MELBOURNE: Australia Enters Legal Fight Against Indian-Origin Teen’s Climate Dare

MELBOURNE: The Australian government on
Monday began its legal challenge to a Federal Court’s landmark decision that it
has a duty of care to protect children from future personal injury caused by
climate change, according to media reports.

In May,
Anjali Sharma, a 17-year-old high-school student of Indian origin from
Melbourne and seven other teenage environmentalists, led the legal battle
against the Australian government.

Ms Sharma
and the group had argued the continued emission of carbon dioxide into the
atmosphere would drive intense bushfires, floods, storms and cyclones and leave
them vulnerable to injury, sickness, economic loss and even death towards the
end of this century, news.com.au reported.

They
urged the court to prevent Environment Minister Sussan Ley from approving a
proposal to expand the Vickery coal mine in northern New South Wales.

In his
ruling, Justice Mordecai Bromberg approved the extension of the coal mine
project.

However,
he did find that the minister had “a duty to take reasonable care to avoid
causing personal injury” to children when she decided on the project
extension under the Environment Protection and Biodiversity Conservation (EPBC
Act), a report in news.com.au said.

The
ruling was heralded as a significant win for the teenagers and the group of
climate activists around the world.

Ley has
since given the nod for the mine’s expansion.

For Ms
Sharma, it was the concern for the environment, her family and future
generations, which fuelled her legal charge against the Australian government,
a Sydney Morning Herald report said. Born in India, Sharma and her family moved
to Australia when she was barely 10-months-old.

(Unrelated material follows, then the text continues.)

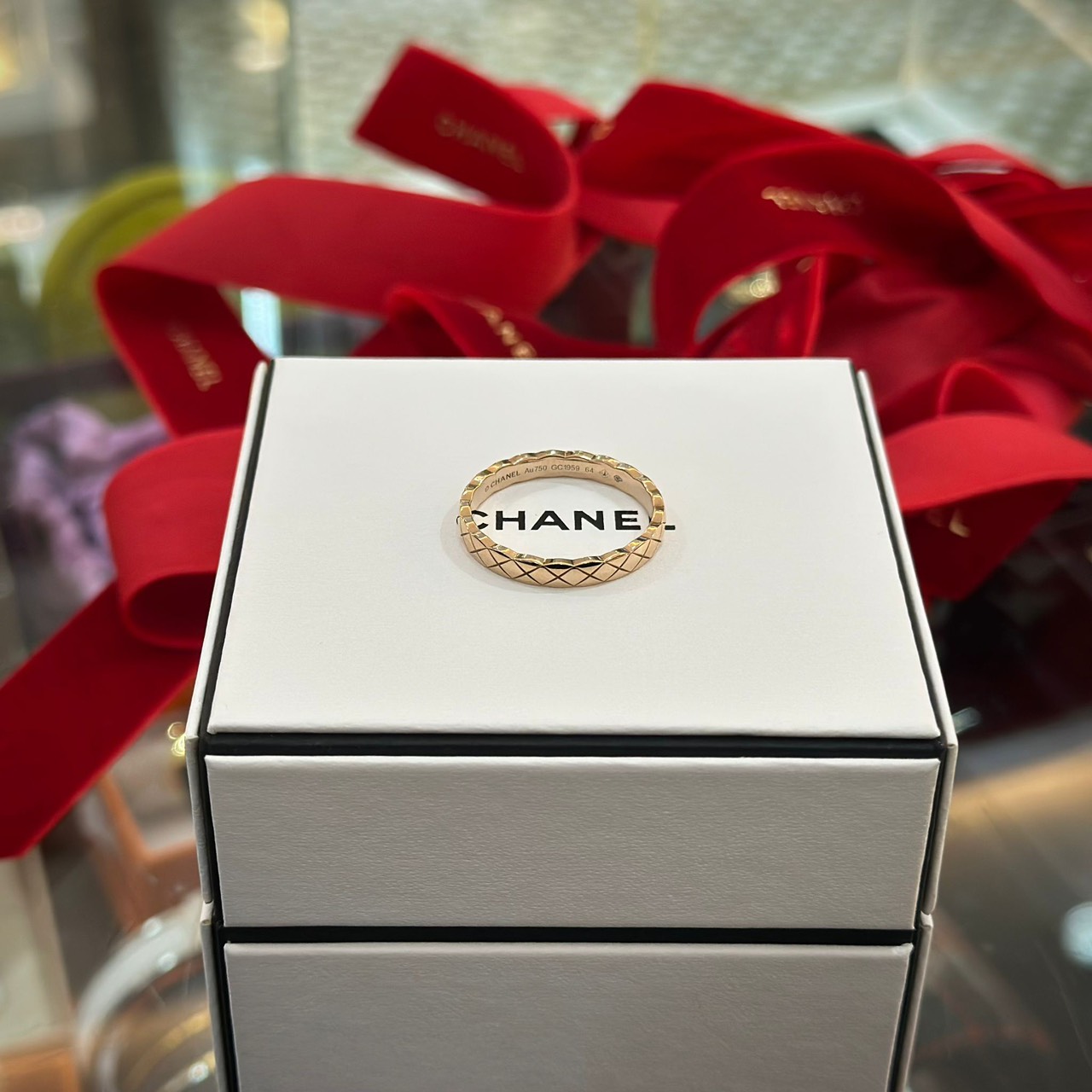 A Chanel Coco Crush quilted ring in beige gold presented on a Chanel box with a red ribbon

Her relatives are farmers, who
hail from Lucknow.

Growing
up, she had heard about global warming and decided to seek more information by
watching Youtube videos, the report said.

“Growing
up in Australia I consider myself really fortunate,” she said. “I got
an education that helped me make sense of what was happening,” Ms Sharma
was quoted as saying in the report.

On
Monday, Ley’s lawyers told the Federal Court that the EPBC Act was not an
appropriate vehicle for the “novel duty of care” as identified by
Justice Bromberg.

They
argued that Justice Bromberg had committed a mistake when he expanded the
object of the act to not just be about protecting parts of the environment, but
about protecting the interests of human beings living in the environment.

Her
lawyers also contended that the duty of care is “incoherent” with the
EPBC Act and distorts her capacity as minister.

They also
claimed that there was no evidence that the additional coal from the expanded
mine would increase the risk of the global temperature increasing beyond 2
degrees Celsius above pre-industrial temperatures, according to the Associated
Press.

“We
will proudly defend the historic ruling that all Australian children are owed a
duty of care by our government, and fight to protect my generation from the
increasing risks of climate change,” Ms Sharma was quoted as saying in a
statement by the Associated Press.

The eight
young environmentalists were congratulated over the May ruling by Greta
Thunberg, who rose to the forefront of the youth climate movement after she
protested inaction by going on strike from school.

“This
is a huge win for the whole climate movement. A big congratulations to the
brave Australian teenagers who have achieved this,” the 18-year-old
Swedish environmentalist tweeted.

“Of
course the action needed is still nowhere in sight, but these court cases are
symbolic breaking points that could have huge snowball effects,” Ms
Thunberg had said then.

Australia
has come under growing international criticism for failing to set more
ambitious targets for reducing carbon emissions.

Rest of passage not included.